What you write should be an exact repeat of the lines from the one with "Raskrasil.com-Hello-Kitty-And-Friends-Coloring-Pages-43" through the final line below, minus the pictures.

Recorded data:
--- START ---

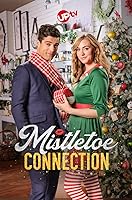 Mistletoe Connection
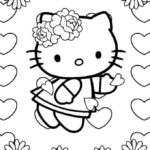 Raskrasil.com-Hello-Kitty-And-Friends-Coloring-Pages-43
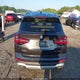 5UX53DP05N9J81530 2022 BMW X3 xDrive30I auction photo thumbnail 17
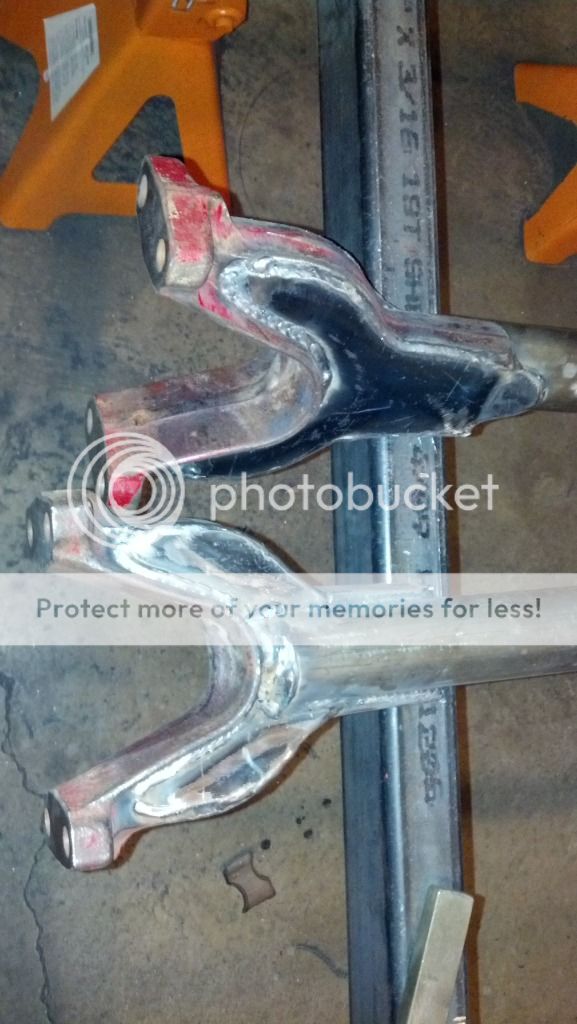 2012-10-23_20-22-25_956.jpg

--- END ---

Response:
 Raskrasil.com-Hello-Kitty-And-Friends-Coloring-Pages-43
 5UX53DP05N9J81530 2022 BMW X3 xDrive30I auction photo thumbnail 17
 2012-10-23_20-22-25_956.jpg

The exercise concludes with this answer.